Supplied data:
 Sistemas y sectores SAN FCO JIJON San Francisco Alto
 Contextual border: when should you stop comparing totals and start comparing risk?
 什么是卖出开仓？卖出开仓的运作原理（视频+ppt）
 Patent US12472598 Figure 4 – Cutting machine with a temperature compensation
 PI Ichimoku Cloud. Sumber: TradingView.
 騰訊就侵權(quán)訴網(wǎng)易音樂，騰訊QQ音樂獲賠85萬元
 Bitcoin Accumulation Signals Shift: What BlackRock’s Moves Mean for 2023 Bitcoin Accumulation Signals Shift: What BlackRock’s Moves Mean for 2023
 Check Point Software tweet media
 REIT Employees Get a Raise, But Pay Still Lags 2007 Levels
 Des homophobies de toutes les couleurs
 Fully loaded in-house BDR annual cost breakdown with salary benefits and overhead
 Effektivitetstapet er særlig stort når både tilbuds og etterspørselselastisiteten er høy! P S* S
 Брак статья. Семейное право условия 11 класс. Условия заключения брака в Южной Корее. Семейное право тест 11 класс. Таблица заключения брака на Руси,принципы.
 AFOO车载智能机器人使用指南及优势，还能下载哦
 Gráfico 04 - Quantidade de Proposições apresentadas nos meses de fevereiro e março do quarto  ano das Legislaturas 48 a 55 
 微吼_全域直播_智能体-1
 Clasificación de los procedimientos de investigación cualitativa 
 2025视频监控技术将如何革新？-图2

Exercise directions: Filter the data for the string "with". Copy each matching line.

Response for this exercise:
 Patent US12472598 Figure 4 – Cutting machine with a temperature compensation
 Fully loaded in-house BDR annual cost breakdown with salary benefits and overhead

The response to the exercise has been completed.